- _Provided material_:
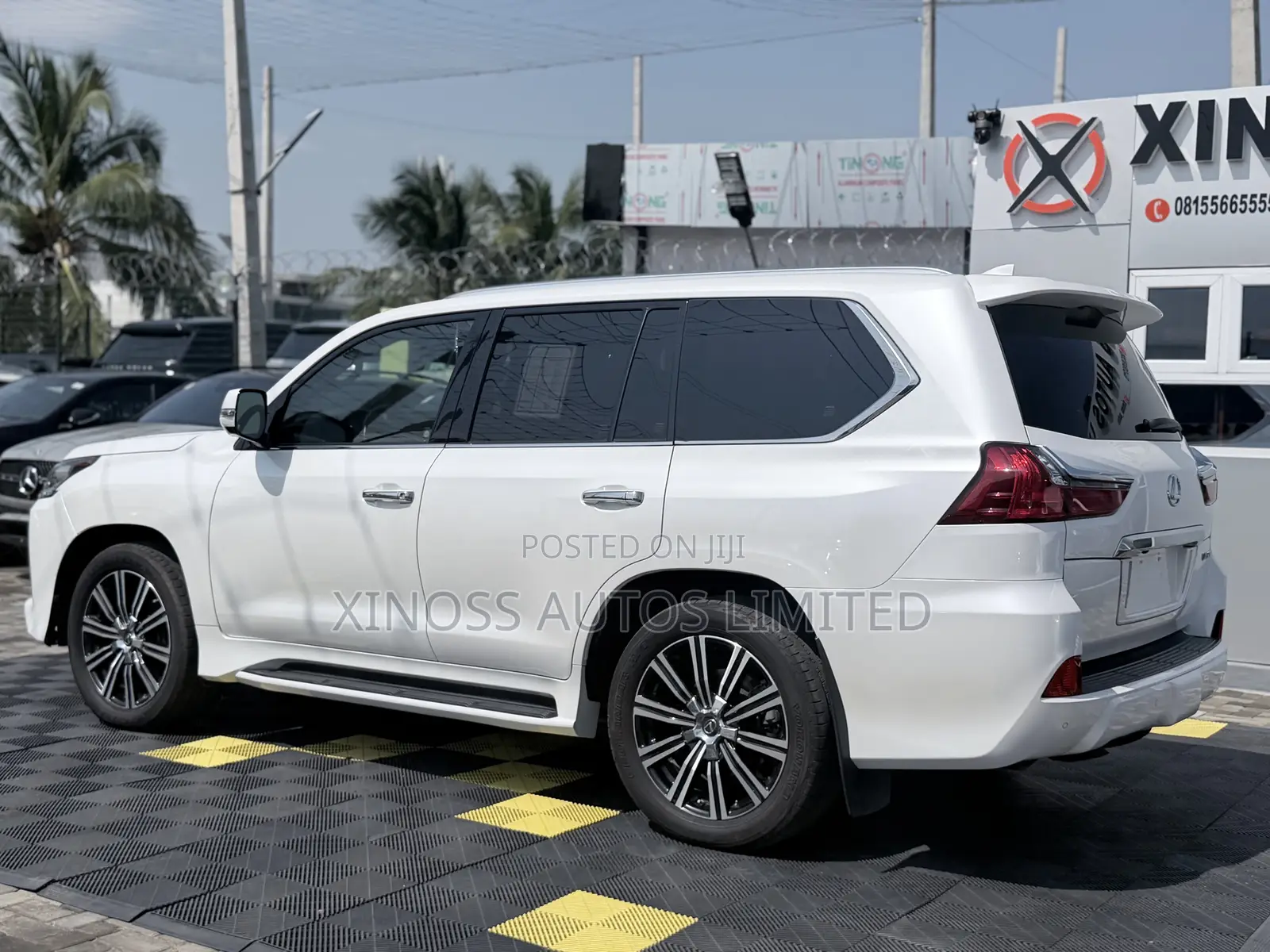 Lexus LX 570 AWD 2018 White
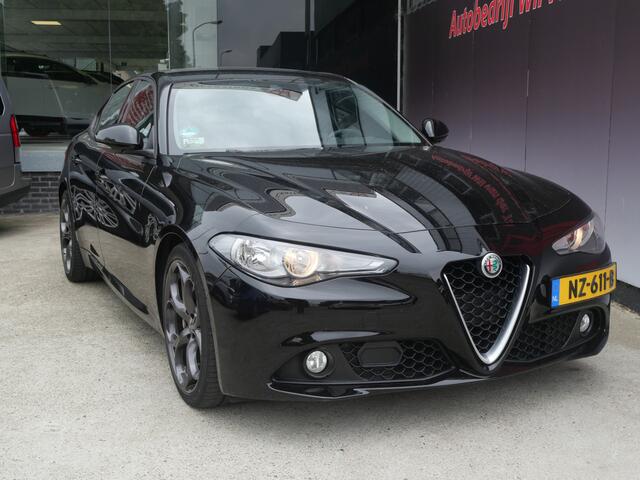 Alfa Romeo GIULIA 2.0T SUPER | AUTOMAAT | NAVIGATIE | KEYLESS | DAB | 19 INCH | NL-AUTO!!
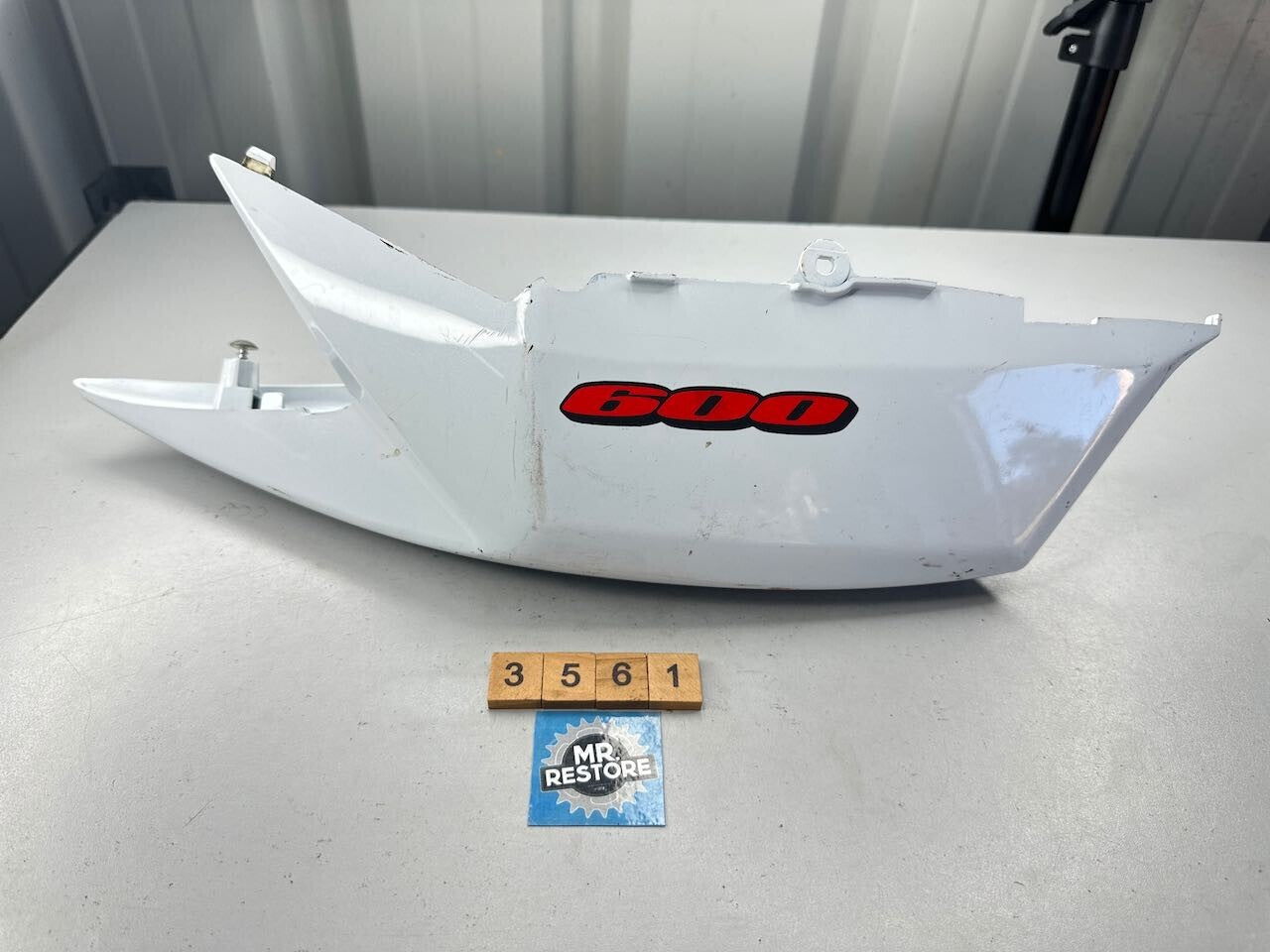Suzuki GSXR750 GSXR600 LEFT TAIL FAIRING COVER 47811-37H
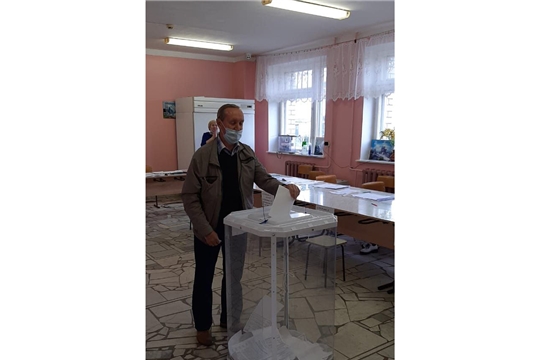 12 сентября принял участие в голосовании почётный гражданин города Шумерля Таланов Владимир Иванович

- _How to complete this task_: For this exercise, retype the data above exactly and skip every image.

- _Your solution_:
 Lexus LX 570 AWD 2018 White
 Alfa Romeo GIULIA 2.0T SUPER | AUTOMAAT | NAVIGATIE | KEYLESS | DAB | 19 INCH | NL-AUTO!!
Suzuki GSXR750 GSXR600 LEFT TAIL FAIRING COVER 47811-37H
 12 сентября принял участие в голосовании почётный гражданин города Шумерля Таланов Владимир Иванович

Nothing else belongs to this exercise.